##### Exercise input

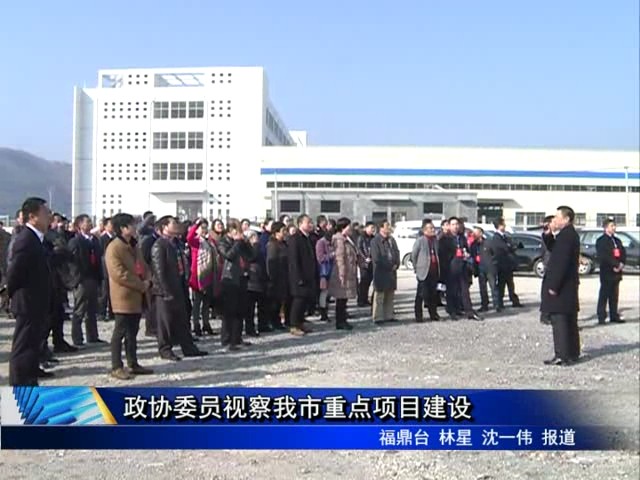 政协委员视察我市重点项目建设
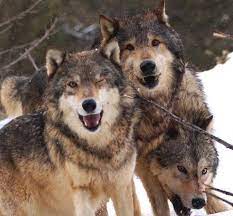 Pin By Magdalena Duran On Wolves Wolf Time Wolf Love Wild Dogs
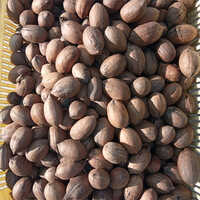 Pecan Nuts - Organic, Frozen, 100% Natural | Sweet Taste, Oval Shape, Rich In Antioxidants, Available In Various Sizes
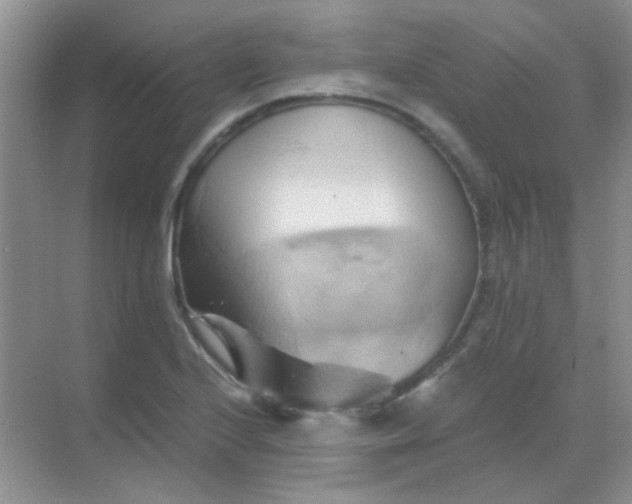 X0000068861224200605192008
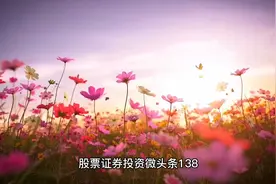 股票证券投资微头条138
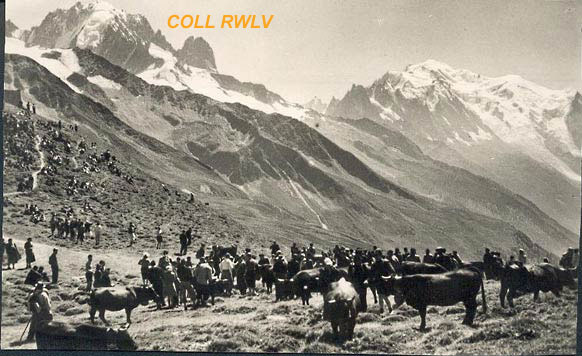 combat de vaches Massif du Mont-Blanc col de Balme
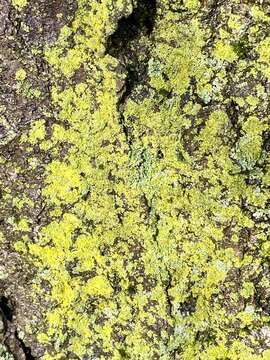 Image of lemon lichen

##########

Work instruction: Pictures are to be left out; the records above must be repeated word for word.

Written response:
 政协委员视察我市重点项目建设
 Pin By Magdalena Duran On Wolves Wolf Time Wolf Love Wild Dogs
 Pecan Nuts - Organic, Frozen, 100% Natural | Sweet Taste, Oval Shape, Rich In Antioxidants, Available In Various Sizes
 X0000068861224200605192008
 股票证券投资微头条138
 combat de vaches Massif du Mont-Blanc col de Balme
 Image of lemon lichen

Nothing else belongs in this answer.